#### [WHAT IS NEEDED]
Omit every picture while repeating the entries exactly.

#### [GIVEN DATA]
>>>
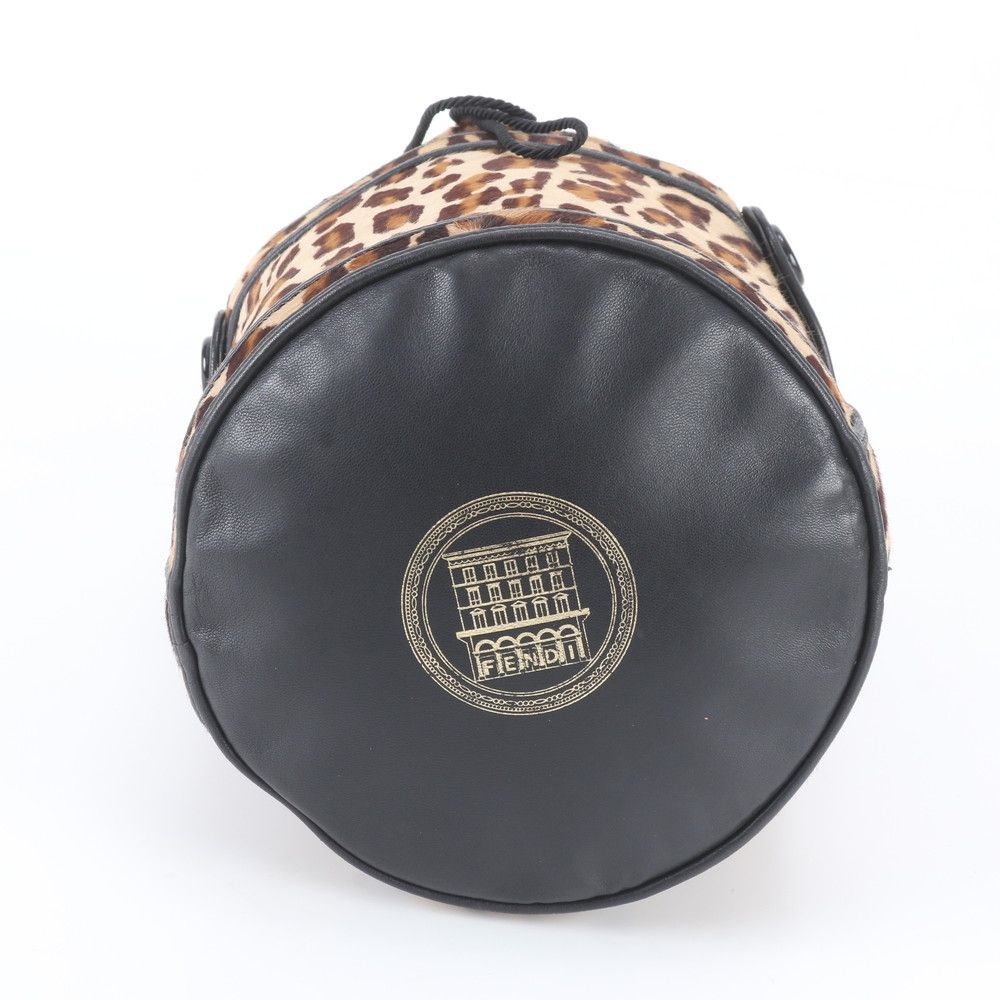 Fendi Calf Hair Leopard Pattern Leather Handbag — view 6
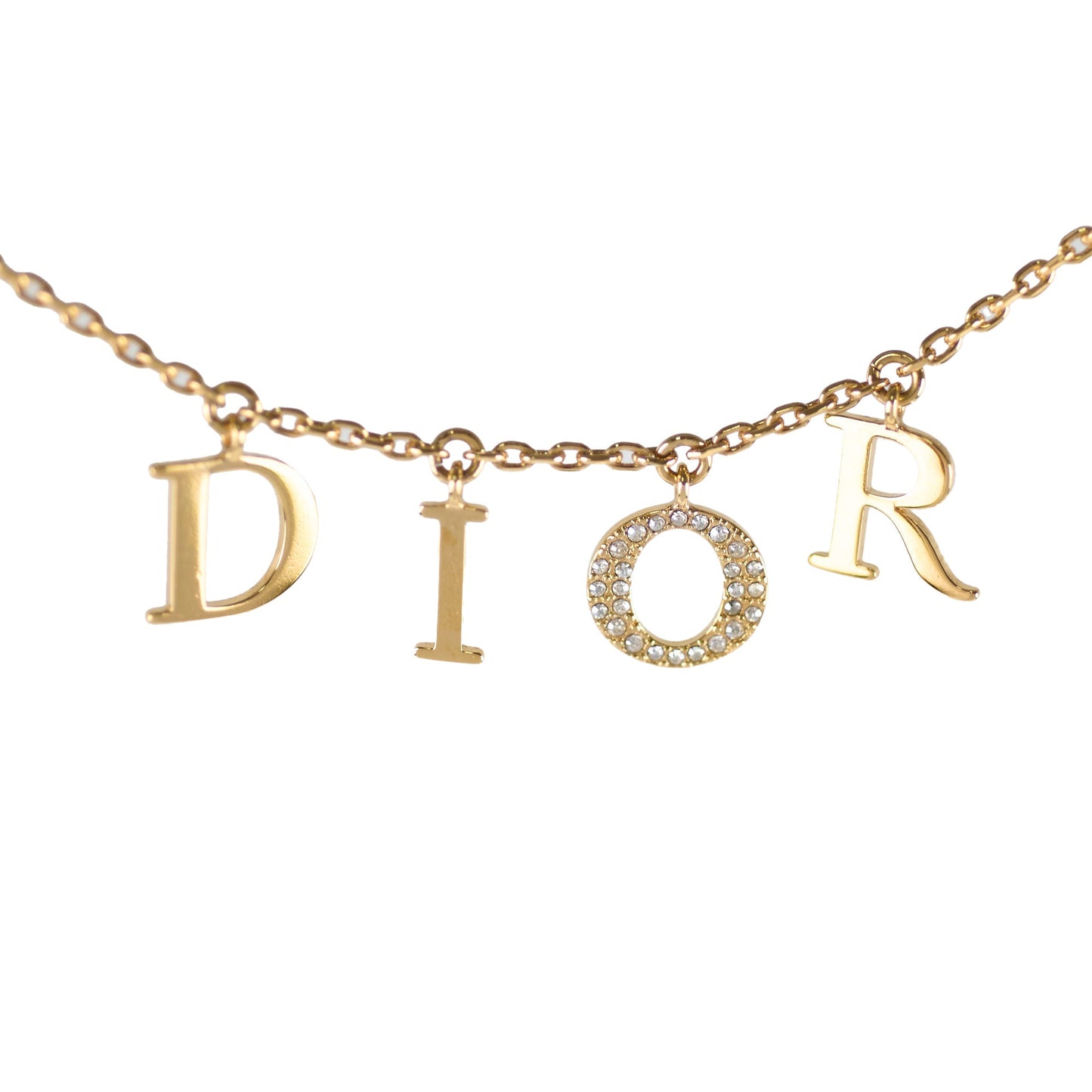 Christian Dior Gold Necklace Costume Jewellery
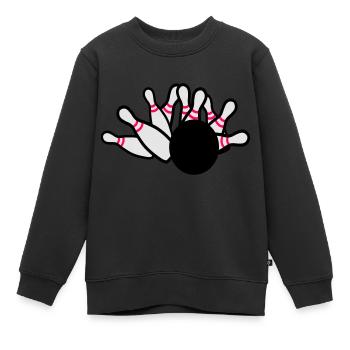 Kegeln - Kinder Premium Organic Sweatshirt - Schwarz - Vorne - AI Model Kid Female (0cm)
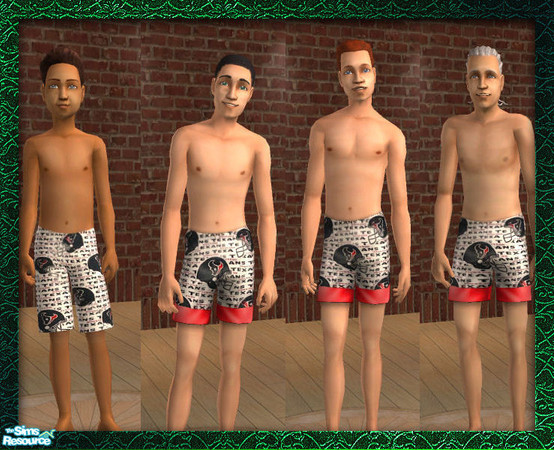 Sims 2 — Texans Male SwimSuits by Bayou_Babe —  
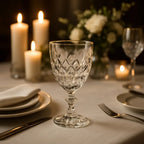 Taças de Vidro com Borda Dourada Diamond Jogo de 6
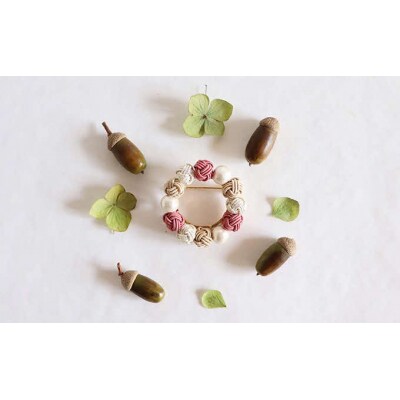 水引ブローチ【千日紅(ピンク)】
<<<
#### [EXPECTED ANSWER]
 Fendi Calf Hair Leopard Pattern Leather Handbag — view 6
 Christian Dior Gold Necklace Costume Jewellery
 Kegeln - Kinder Premium Organic Sweatshirt - Schwarz - Vorne - AI Model Kid Female (0cm)
 Sims 2 — Texans Male SwimSuits by Bayou_Babe —  
 Taças de Vidro com Borda Dourada Diamond Jogo de 6
 水引ブローチ【千日紅(ピンク)】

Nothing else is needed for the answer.